— Exercise —
Leaving out every picture, copy the lines of the data exactly, from the first through the line containing "Arri B lens".

Captioned web image data:
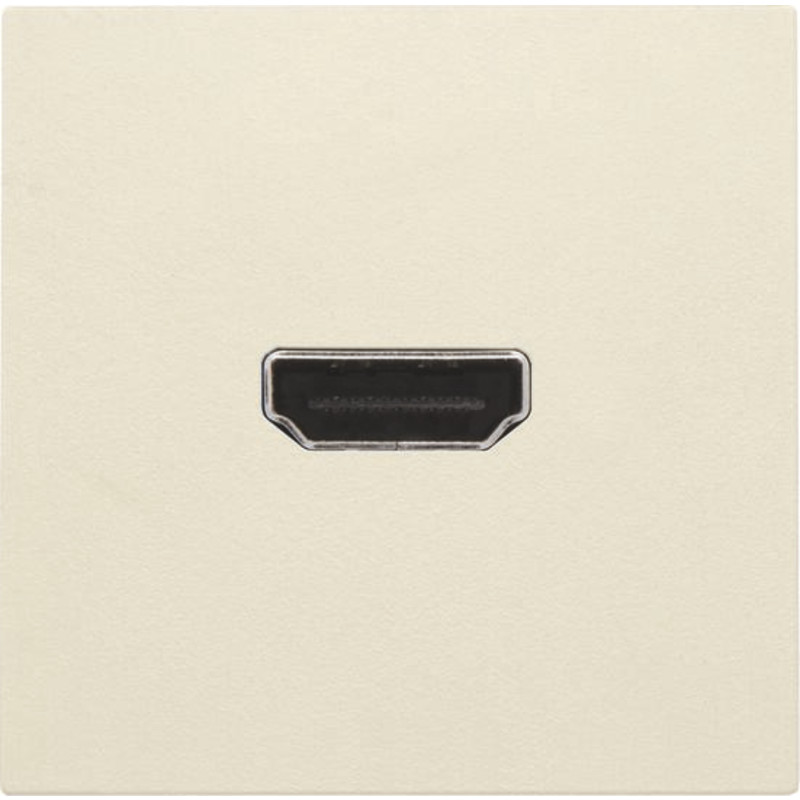 Niko HDMI udtag connector for stikmontering, cream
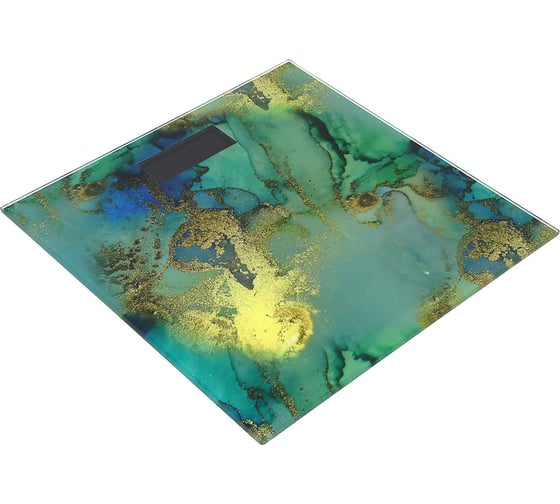 Весы напольные электронные Leben Marble Collection, ЖК-дисплей, макс. нагр. до 180 кг, 28x28x0,5 см 252-086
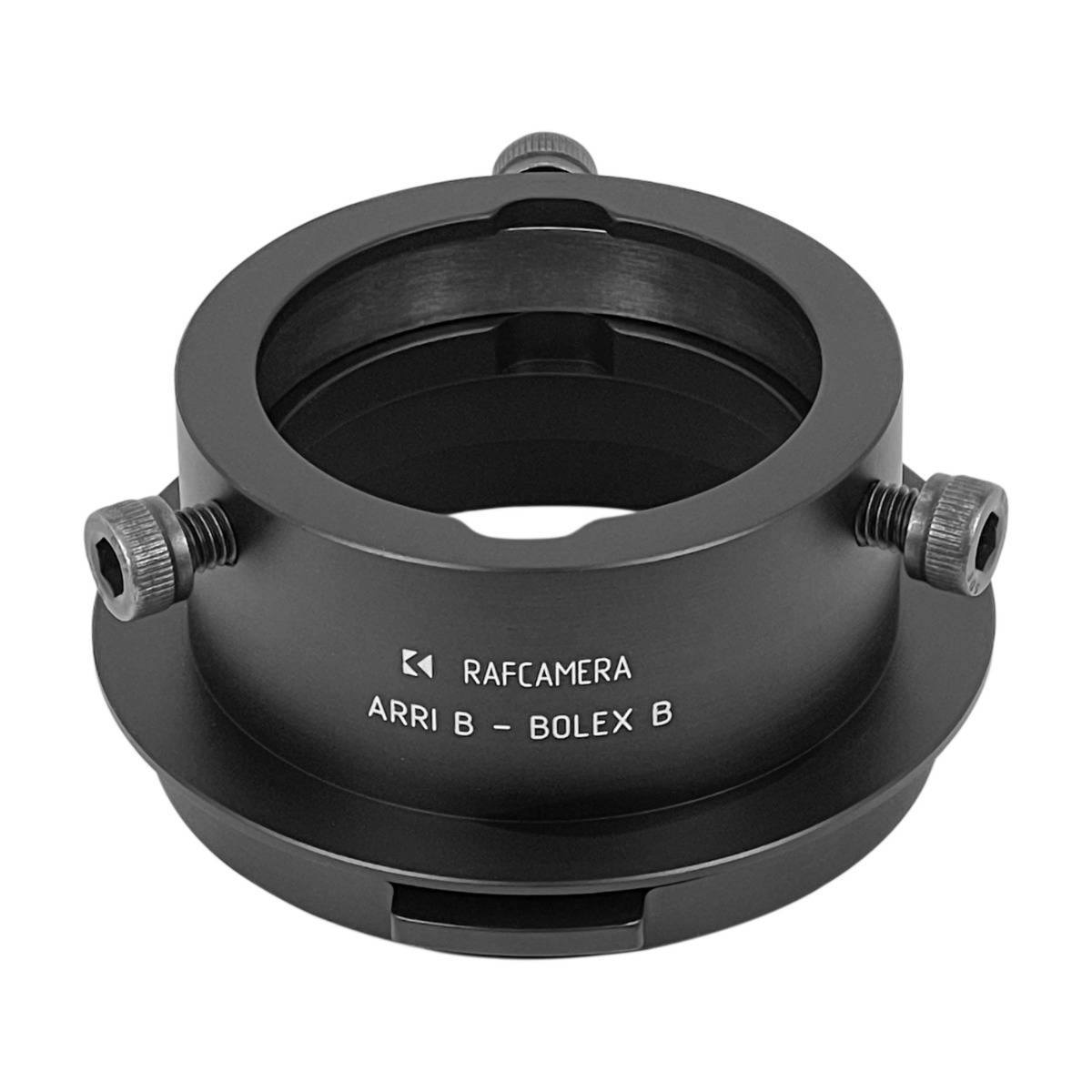 Arri B lens to Bolex Bayonet camera mount adapter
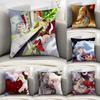 Аниме Подушка Инуяши Диван Декоративный Дом Двусторонняя печать Плюшевые Квадратные Наволочки для подушек Чехол для подушки Декор
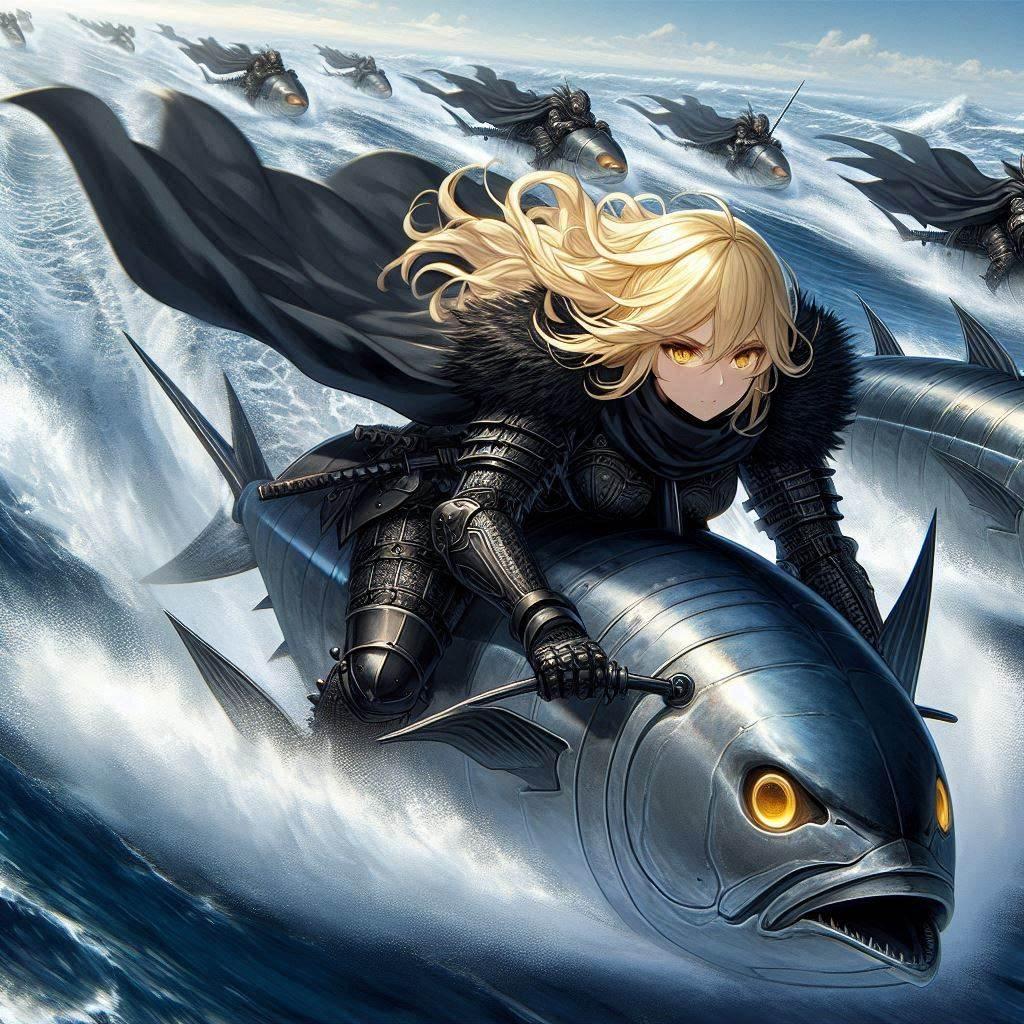 マグロバイクの集団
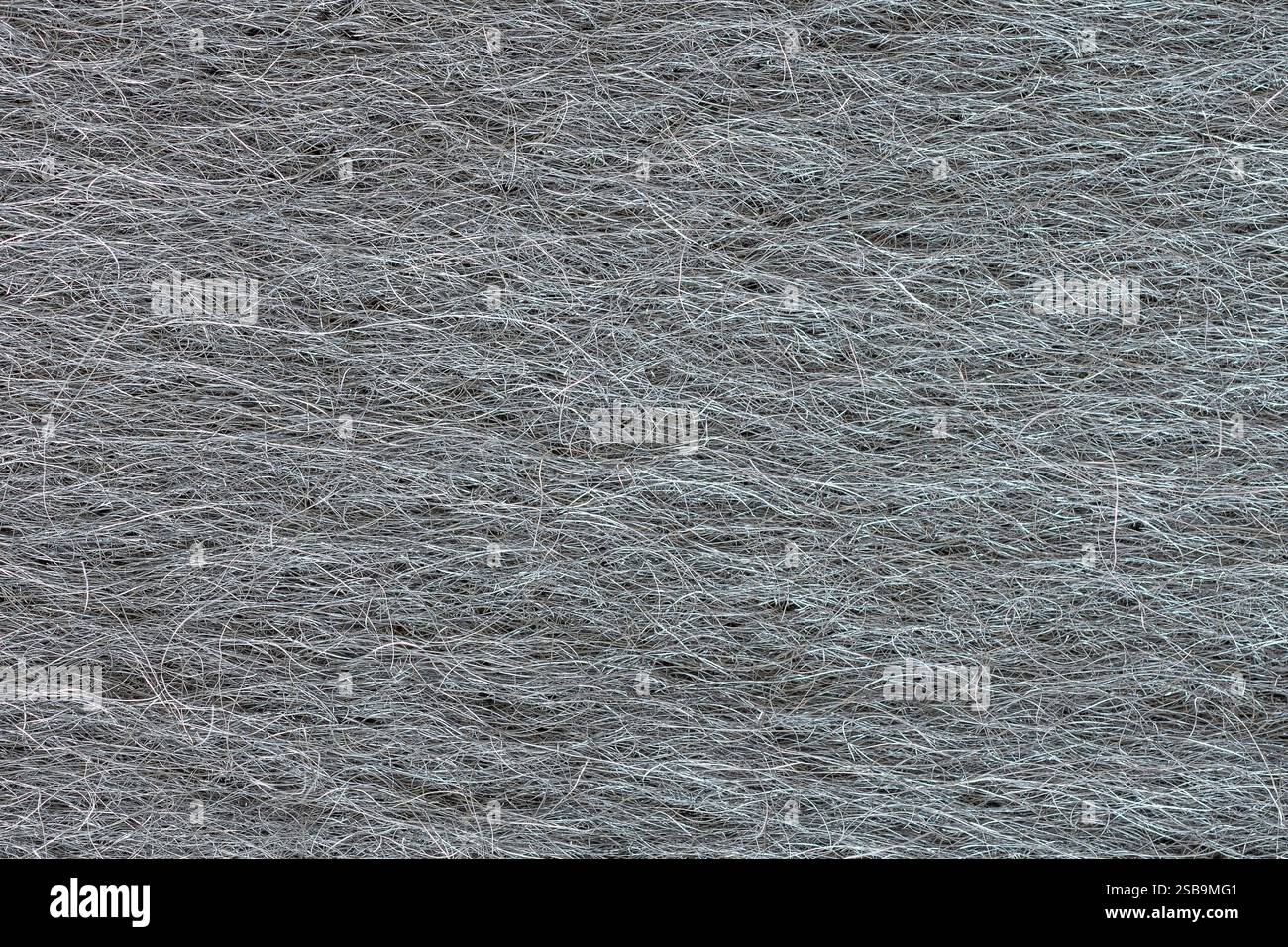 Stove Glass Cleaning Sponge Silver Background Texture Stock Photo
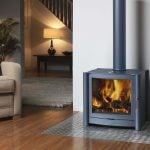 Firebelly FB3 Wood Burning Stove with Brushed Stainless Steel Legs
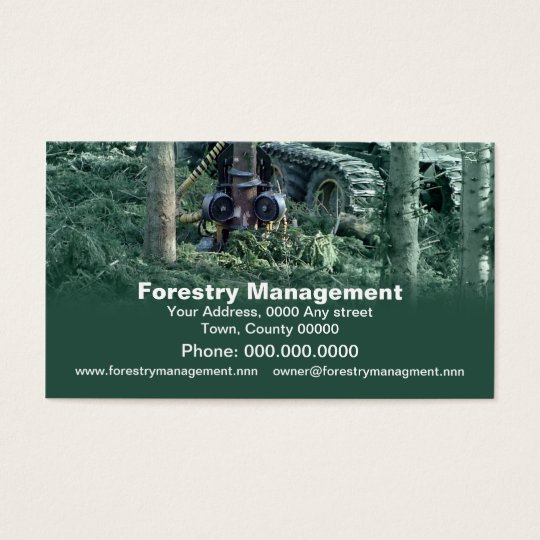 Forestry industries business card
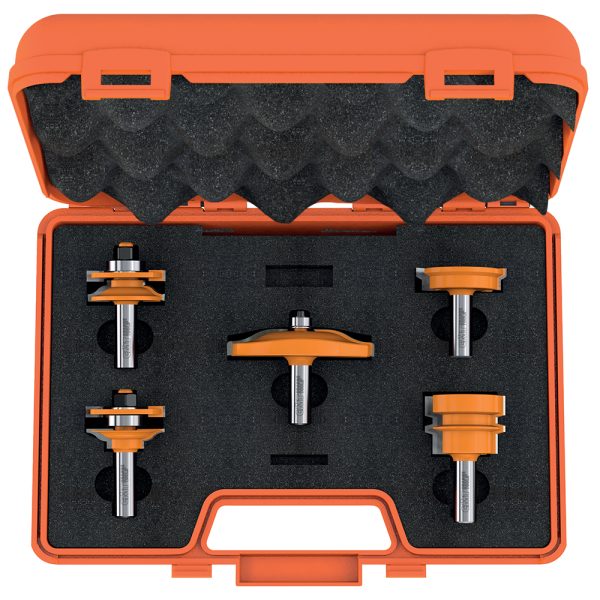 CMT 5-teilige Fräsersets für Küchen - profile B S=12 HW -1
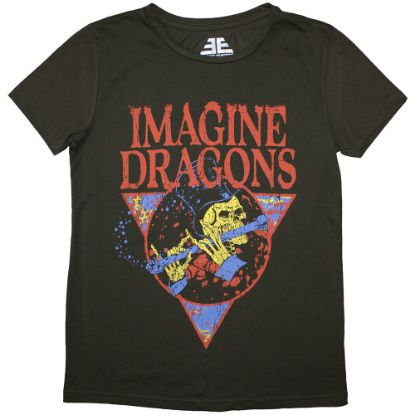 Picture of Imagine Dragons Ladies T-Shirt: Skeleton Flute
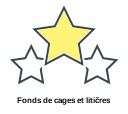 Fonds de cages et litičres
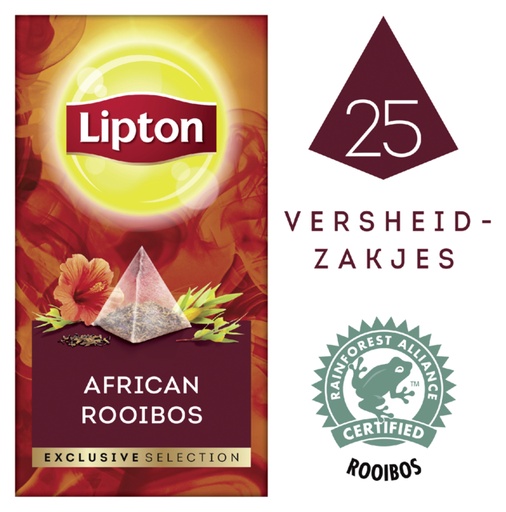 [899994] Thee Lipton Exclusive Afrikaanse rooibos 25x2gr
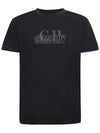 Logo Short Sleeve T-Shirt Black - CP COMPANY - BALAAN 1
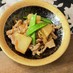 小松菜と豚肉とたけのこの和風炒め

— Result for this exercise —
 Niko HDMI udtag connector for stikmontering, cream
 Весы напольные электронные Leben Marble Collection, ЖК-дисплей, макс. нагр. до 180 кг, 28x28x0,5 см 252-086
 Arri B lens to Bolex Bayonet camera mount adapter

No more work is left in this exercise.